The United Kingdom’s (UK) ILO unemployment rate held steady at 4.7% in the three months to July, according to data released on Tuesday by the Office for National Statistics (ONS). The reading was in line with market expectations.

ONS figures showed that jobless benefit claims rose by 17.4K in August, compared with a revised decline of 33.3K in July. Markets had anticipated a larger increase of 20.3K. Employment change stood at 232K in July, slightly down from June’s 239K.

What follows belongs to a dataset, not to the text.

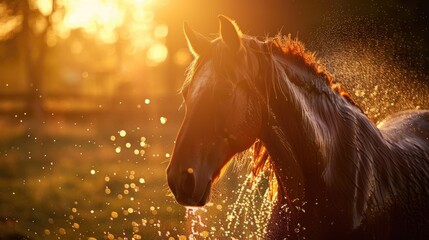 Wall Mural - Horse receiving a bath with water spraying on its face at sunset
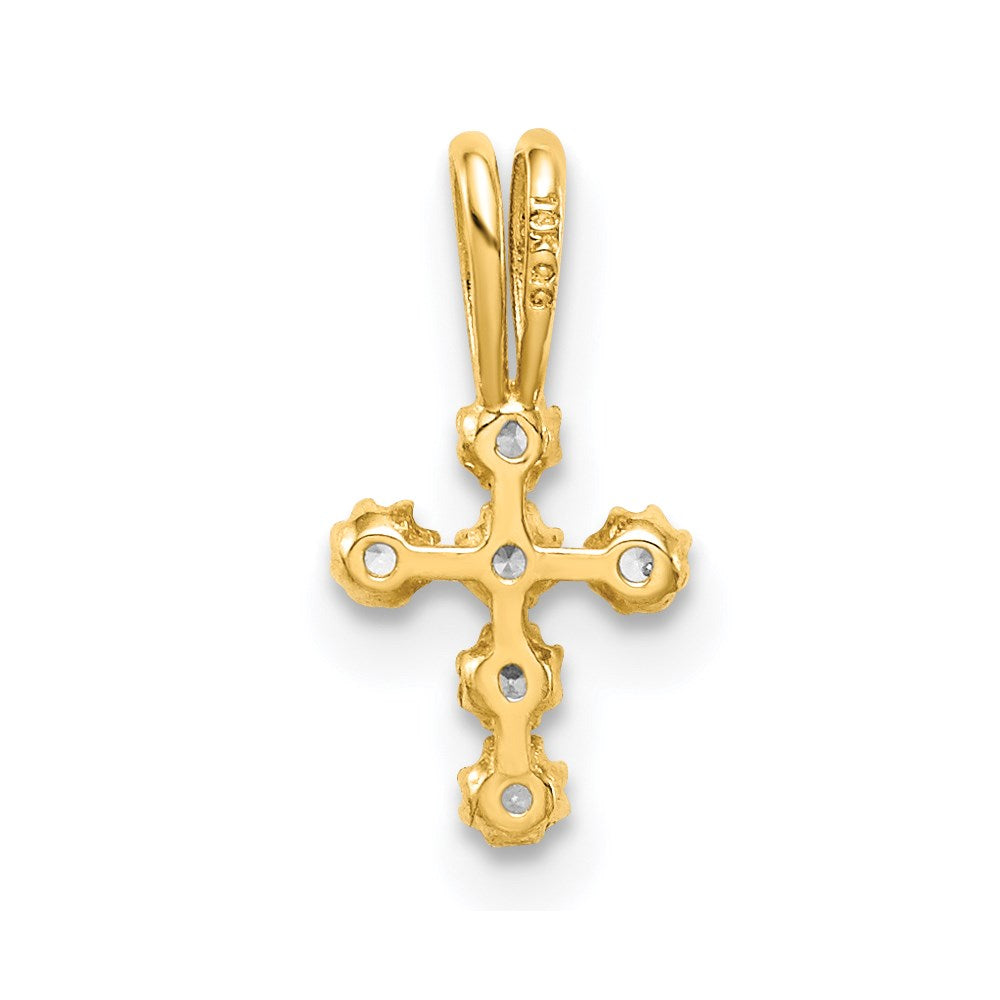14K CZ Cross Pendant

Meanwhile, average earnings excluding bonuses rose by 4.8% on a three-month yearly basis (3M YoY) in July, easing from a 5% increase recorded previously. The figure matched consensus estimates. Including bonuses, average earnings grew 4.7%, compared with 4.6% in the prior quarter, also in line with expectations.

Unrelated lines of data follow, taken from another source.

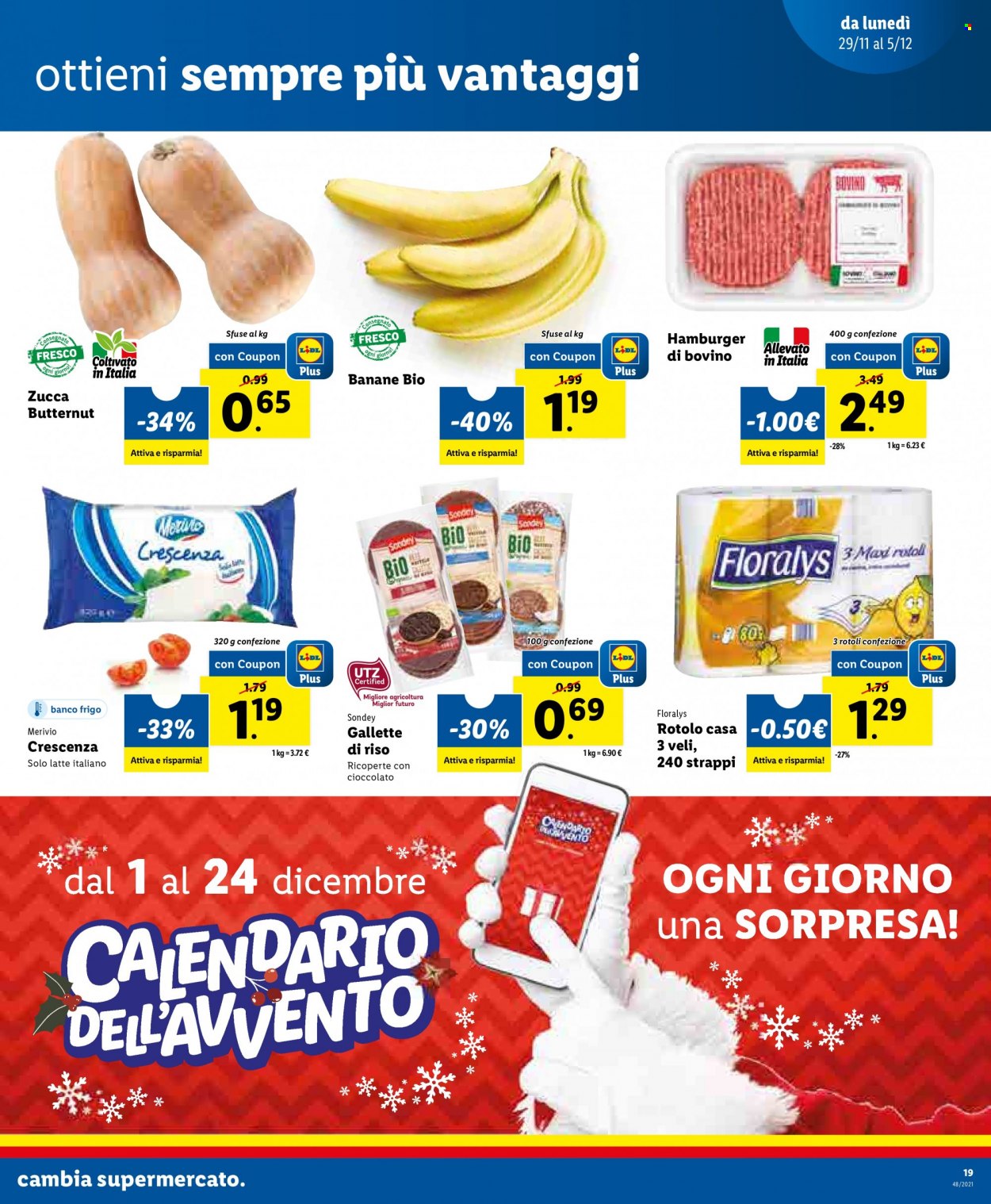 thumbnail - Volantino Lidl - 29/11/2021 - 5/12/2021 - Prodotti in offerta - zucca, banane, hamburger, gallette, formaggio, crescenza. Pagina 19.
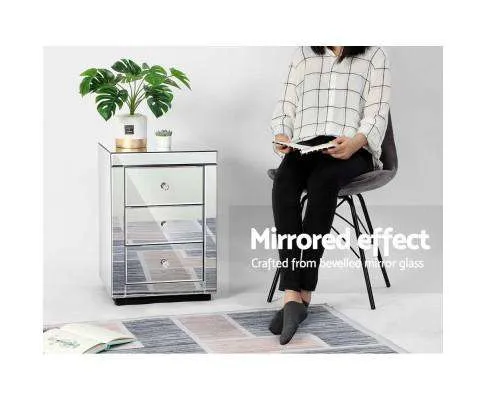 Mirrored Bedside Table - Silver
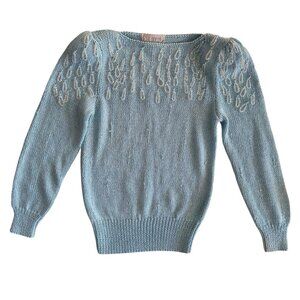 80s VTG Nannell Beaded Puff Sleeve Sweater Size Medium Crystals Icicles Winter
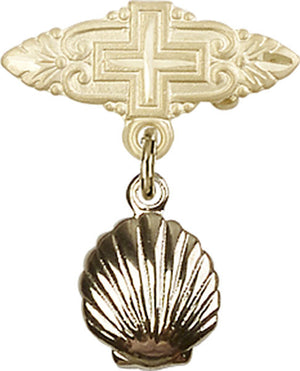 Shell Charm and Badge Pin with Cross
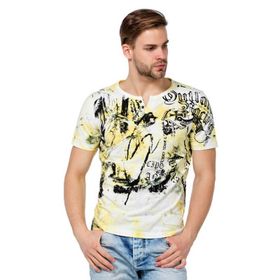 Cipo&Baxx CT457 Kartal Desenli Racing Sarı Erkek Tişört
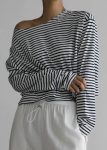 White Women The Frankie Shop Neha Cropped Top - Navy Stripe Tops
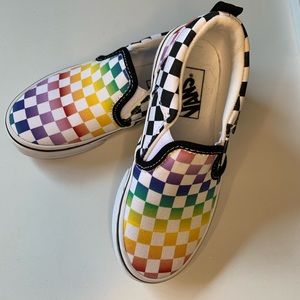 Vans- Asher Rainbow Check Slip-on Sneaker. Kids 12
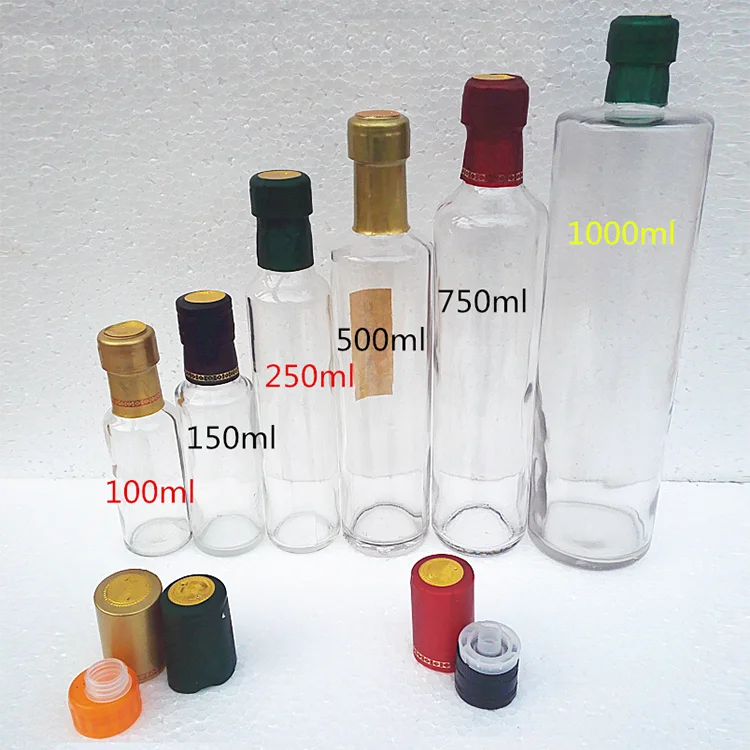 
Factory Wholesale OEM Liquor Juice Drinking Beverage Packing Container ES41 Round Shape 250ml Olive Oil Glass Bottle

GBP/USD reaction to the UK jobs data

GBP/USD extended its gains after the release of the employment figures, trading 0.14% higher on the day at 1.3628, hovering near two-month highs.

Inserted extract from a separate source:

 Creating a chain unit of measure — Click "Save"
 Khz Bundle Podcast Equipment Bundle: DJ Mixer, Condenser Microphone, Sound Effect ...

UK labor market preview (published earlier at 04:04 GMT)

Ahead of the release, markets had anticipated a 20.3K rise in claimant count for August, following a 6.2K decline in July. The claimant count rate stood at 4.4% in the previous month.

Average earnings including bonuses were forecast to grow by 4.7% in the three months to July, up from 4.6%, while ex-bonus wages were expected at 4.8%, down slightly from 5.0%. The ILO unemployment rate was projected to remain unchanged at 4.7%.

Outlook for GBP/USD

While today’s jobs report provided modest support for the Pound, traders are likely to shift focus to Wednesday’s Consumer Price Index (CPI) and Retail Price Index releases. Market attention also centers on the Bank of England’s (BoE) policy decision on Thursday, where rates are expected to be held at 4%.

GBP/USD remains firm above the 1.3600 level, supported by a softer US Dollar (USD) amid expectations that the Federal Reserve (Fed) will cut interest rates by 25 basis points at its September meeting. Investors will also be monitoring US retail sales data due later today.

From a technical perspective, the pair could test initial resistance at 1.3788, its highest level since October 2021. On the downside, immediate support is seen at the nine-day Exponential Moving Average (EMA) of 1.3555, followed by the 50-day EMA at 1.3485.